A year later she died of a drug overdose in Hollywood at 27. Knowing that matters too.

It’s a bit like looking at Van Gogh’s painting of a cornfield with blackbirds flying out of it before turning the page and learning that it was the last painting Van Gogh painted before he killed himself. “It is hard to define exactly how the words have changed the image,” John Berger observes in “Ways of Seeing,” “but undoubtedly they have. The image now illustrates the sentence.” Or is in some way changed by it.

“The Sixties,” which opens with an etherealized Twiggy and ends with a graying Frank Zappa, mixes extravagant images from the rock and fashion worlds with the closed faces of political activists--also U.S. Embassy officials in Saigon--who concede nothing and everything to Avedon’s camera. That it works as a kind of docudrama is the result of the synergy between Avedon’s pictures and Arbus’ interviews. Arbus, the daughter of photographer Diane Arbus, who committed suicide in 1971, is Avedon’s longtime collaborator and the author of Brooke Shields’ memorable line (in an Avedon ad): “Nothing comes between me and my Calvins.” Her text, drawn mainly from interviews with political activists, musicians and war correspondents during the dangerous years of 1969-’71, acts as an undertow to the surge of brilliant imagery. The words invite reflection, and there is more that is new in what is said about the ‘60s than in what is revealed by faces which are, with notable exceptions (the Tiger Cage prisoners of Vietnam’s Poulo Condor), all too familiar.

Not that the photographs, some 250 large and small, don’t speak for themselves. They do, especially the nudes unembellished by commentary. A few are slapstick. Paul Krassner, grinning sheepishly--not an Avedon look--stands next to smiling actress Jada Roland while holding an American flag and sustaining an erection. Others are more mysterious, like the staring figures of the actors and “actress” Candy Darling in the extended tableau of groupies from the Warhol Factory. Standing apart from their clothed companions, the men convey the telltale tension of subjects who exist as objects in the eye of a beholder. Used to being watched, they radiate watchfulness. Change the pronoun and you have a paradigm for the classic nudes of Tintoretto, Reubens and Ingres, who also stare out at the viewer, away from their companions; available and yet inaccessible.

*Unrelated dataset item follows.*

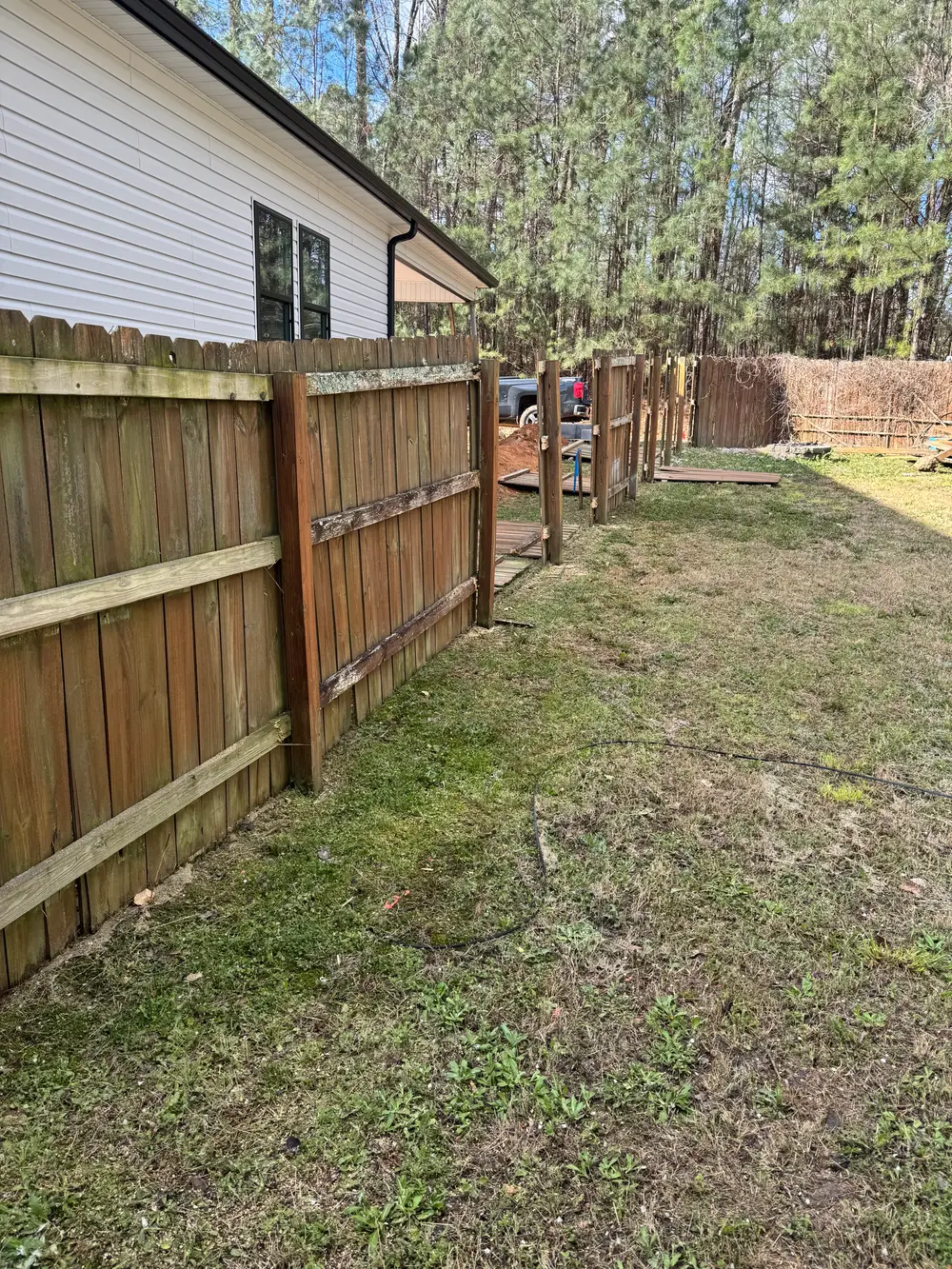 Completed fence repair in Cohutta GA with rich brown stains, vibrant yard, and serene sunlight filtering through trees.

Such images convey little of the character of the individual and everything about the sexual fantasies of the times. They are different from the stark celebration of the male body one sees in Avedon’s photograph of Nureyev, standing alone, confronting the photographer-viewer with a touch of youthful defiance born of an awareness of his own beauty. He is paired on the facing page with Weatherman Bernadine Dohrn, who is encased in black leather and wool but conveys an identical expression. This linkage of opposites by facial expression is repeated throughout “The Sixties.” An unidentified woman carrying a newspaper announcing the death of President Kennedy mirrors the solemnity of Bob Dylan walking in the rain; a freckled boy-soldier carrying a massive carbine at Fire Base Charlie in South Vietnam has the same mouth as Joan Baez, whose dreamy image faces his.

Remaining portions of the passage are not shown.